Best Buy's "featured offer" seems like a no-brainer for buying brand-new electronics — two years with no interest comes across as a great way to buy it now and pay later without punishing interest charges. If you're not turned off by the notion of being accountable for yet another credit card, then here's something else to consider that might make you think twice about financing your new TV with a store's zero-interest proprietary card.
You know that a credit inquiry can temporarily shave points from your score, but the low credit limit on these store cards may have a more negative impact. Your credit-to-debt ratio makes up a large part of your overall credit score, and The Wall Street Journal emphasizes that "credit bureaus look at how much of all your available credit is borrowed as well how much you've used on each card." The article uses the example of purchasing a $2,000 TV on a card with a $2,500 limit; that's utilizing 80 percent of available credit, which doesn't do any favors for a consumer's credit score.
This is how I bought my computer last year.. on a 0% interest store card.

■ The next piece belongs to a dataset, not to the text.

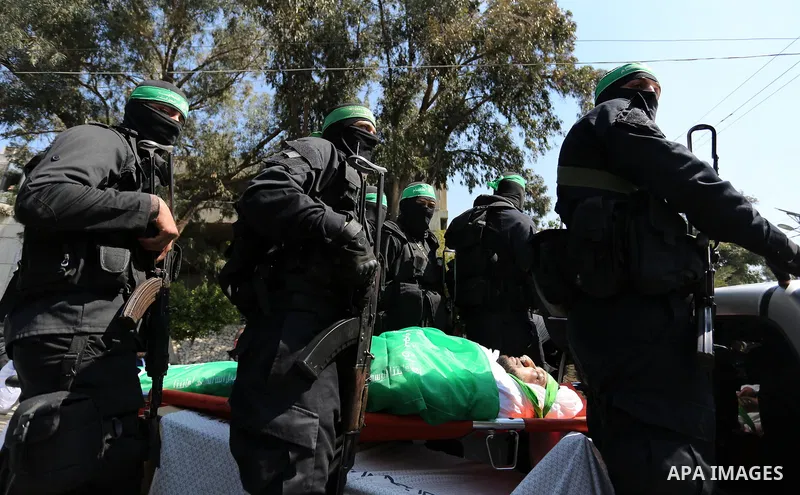 Members of the Ezzedine al-Qassam Brigades, the military wing of the Palestinian Islamist movement Hamas carry the body of Hamas official, Mazen Faqha who was freed by Israel in a 2011 prisoner swap during his funeral in...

It was even from Best Buy!
But my computer was $2500 and the limit they gave me on the card was SIX THOUSAND! (I know, like wtf would I buy with $6000??).
The balance on it is currently $0 (actually -$1 credit to me! haha) and I'm planning to cancel.. but then that thought about debt-to-credit ratio always creeps in my mind. I have a line of credit also (that carries a balance half of that available), so would canceling this store card be a bad move? Is it better to just carry an empty card to maximize my "available credit" even though it's at a store where I don't plan to make any purchases on credit again?